Just some thoughts... feeling a little dark right now, good thing PD Social exists, it's a great place to get thoughts out.
 
Last edited:
The Dream Keeper - Langston Hughes

Bring me all of your dreams,
You dreamers,
Bring me all of your
Heart Melodies
That I may wrap them
In a blue cloud-cloth
Away from the too-rough fingers
Of the world.

xork said:
I am sort of trapped, in a design of my own making,

Trapped by the roof over your head and the bread on your table? In all seriousness, I totally get the feeling, I sometimes wish that instead of listening to good advice and staying in the vacant building to get some alone time (subsisting on H and booze), I had gone with my intended plan of getting a one way plane or greyhound ticket with only what could fit in my rucksack.

As for the flaky girl, forgive my tactlessness and indulge my amp-induced need to give opinionated speeches.

Ethical Romance Axiom #2: Is this relationship good for the both of you?
Commentary: Personally, I'd want a/the person I give my affection to to be better off for having known me.

Rational Analysis: It is imprudent to tie up all your emotional capital when you do not plan on making a long-term investment. The marriage skill of merciful forbearance towards a partner who is insensitive to you and your needs due to personal problems does not apply to new relationships. And, as you are an attractive man who has a decent career and owns a house (Achievement Unlocked: The American Dream), not to mention a musician and a painter (as the resident snob, I really did reverse image search two of them to make sure they weren't plagiarized. That's a high compliment.), you're the definition of desirable, so it's not like this is your only opportunity to date the object of your infatuation.
 
Last edited:
Heh, wow. Sounds pretty intense. I was gonna say that some people really really weird on drugs, but if he's been trying to kiss you both for weeks, then that's not really it, is it?

Well, he does take a lot of drugs, but he is a real free spirit, in the most clichéd sense of the word. He just does what he wants whenever he wants it, and I totally support anyone doing that. :D I haven't spoken to him since this stuff; looking forward to the awkwardness of it TBH :\ :D

Xork said:
I personally couldn't eat vegan... I even went vegetarian for a few months in college, and I found that I physically felt like something was missing.

Yeah, I'm struggling with it to be honest. I've been vegetarian for years (true vegetarian) and decided to try and purify myself. I want to live a life that doesn't take.
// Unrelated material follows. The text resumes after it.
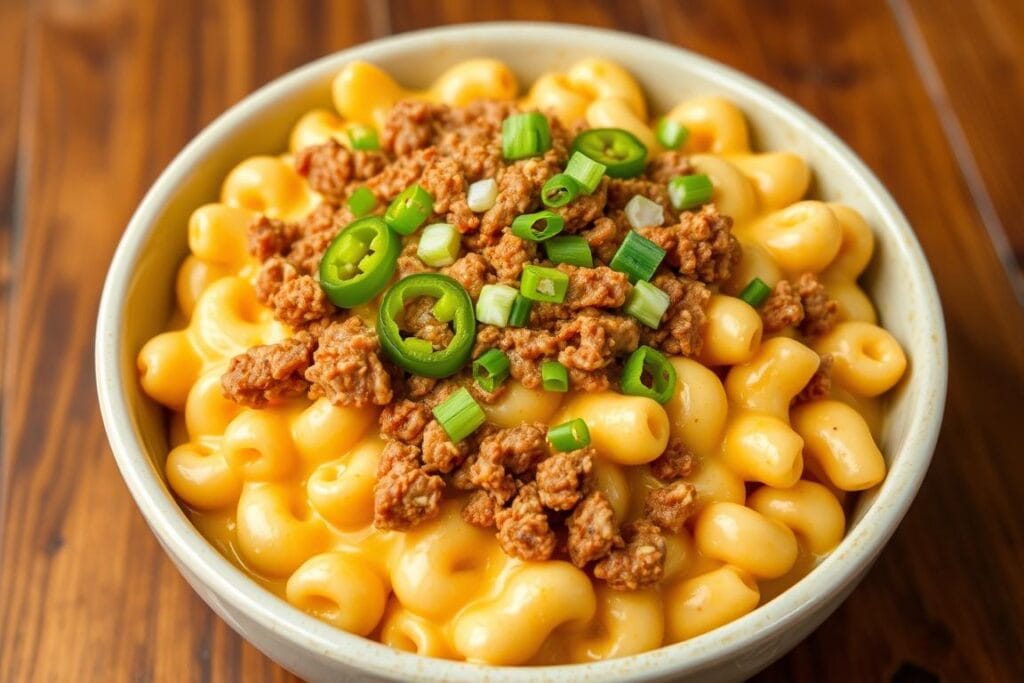 beef queso mac and cheese​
Its impossible though and also naïve.

I think I'll requaint myself with dairy at least soon...

i'm 6'1" and 195lbs

can't seem to drop any more

you can have some of mine

Me too? Thanks :)

Getting up early is the worst, I feel like crap and miss my favorite part of the day, the 30 minutes or so after waking up that I stay in bed, semi-coherent, feeling all warm and comfortable.

Weirdly, I wake up nervous straight away and must get out of bed immediately. After ten minutes, I'm good though- its like coming online for the day requires some input from adrenaline and self-doubt. For me at least.
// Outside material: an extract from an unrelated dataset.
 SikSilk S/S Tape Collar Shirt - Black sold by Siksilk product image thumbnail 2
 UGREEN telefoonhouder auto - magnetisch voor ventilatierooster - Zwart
Get up early- 5am- through choice is actually great. Its a beautiful time to go for a run/walk and feels quite sacred to me. I deplore, however, being compelled to get up at that time....
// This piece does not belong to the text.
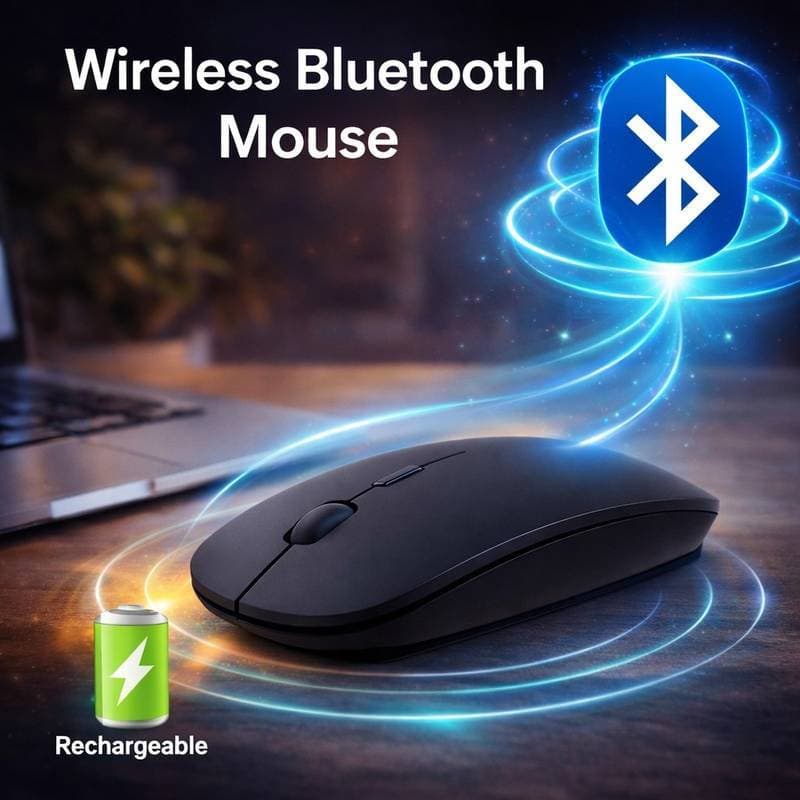 Mouse Sem Fio Bluetooth + Wireless 2.4GHz Recarregável Slim Silencioso Dual Mode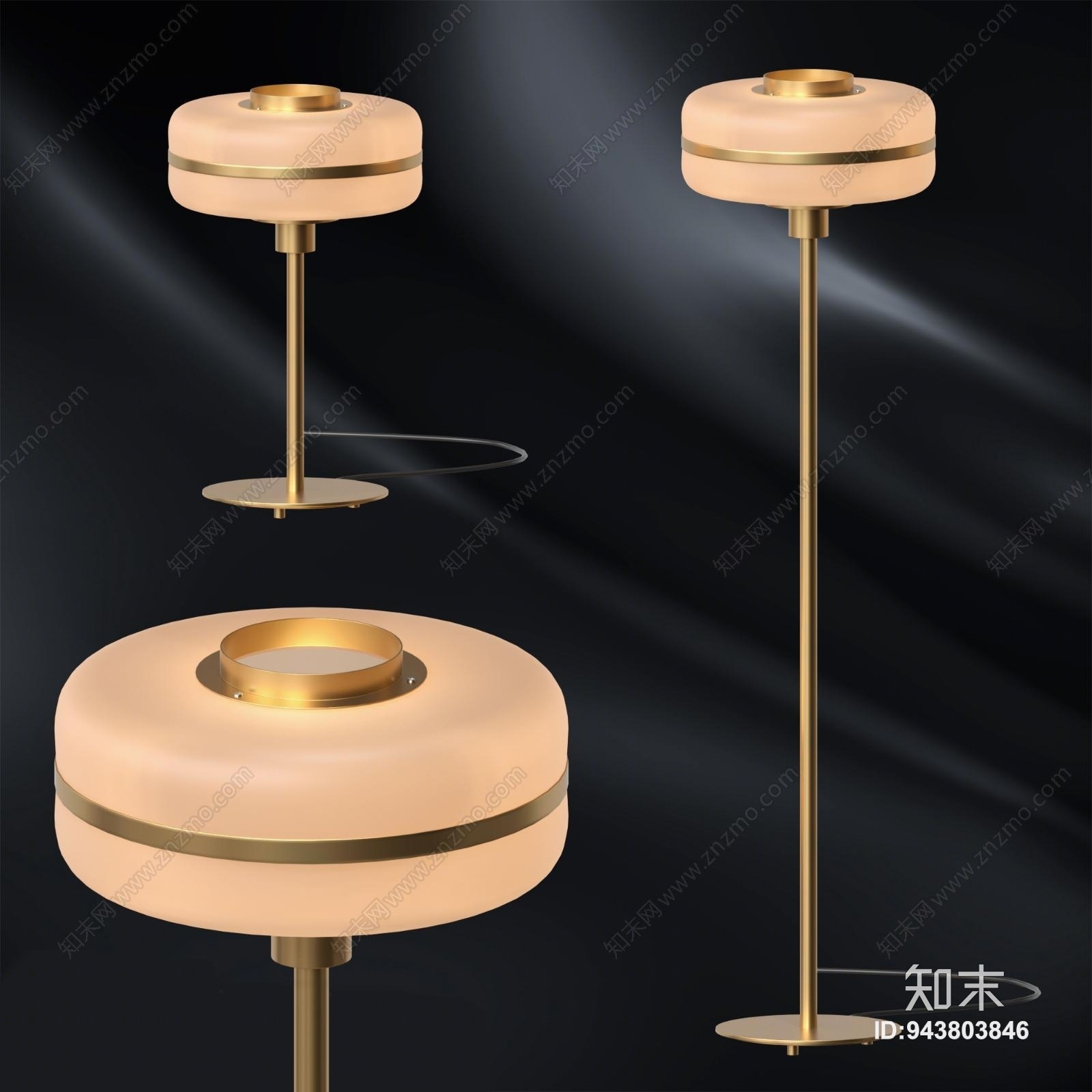 现代灯具组合3D模型下载【ID:943803846】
Hope your all well, I'll have to keep reading but wanted to make some statements....<3
 
willow said:
Yeah, I'm struggling with it to be honest. I've been vegetarian for years (true vegetarian) and decided to try and purify myself. I want to live a life that doesn't take.

I have not once seriously considered vegetarianism, and in my poverty I don't even buy products made of humanely treated animals. Out of sight, out of mind, as they say.

Get up early- 5am- through choice is actually great.

I got up at 7:30 on purpose for a couple months once, and the mornings were pleasant, and perhaps magical due to the unfamiliar lighting and smell and feel of the air, but I am by constitution a night owl. Maybe I'm afraid to go to sleep in an attempt to stop time and avoid tomorrow, and live in the hours when society is not around to implicitly judge me and torment me by reminding me of my own ineptitude and isolation. It might also be a habit bred of insomnia. The majority of instances that I've been awake at 5am were the result of staying up all night.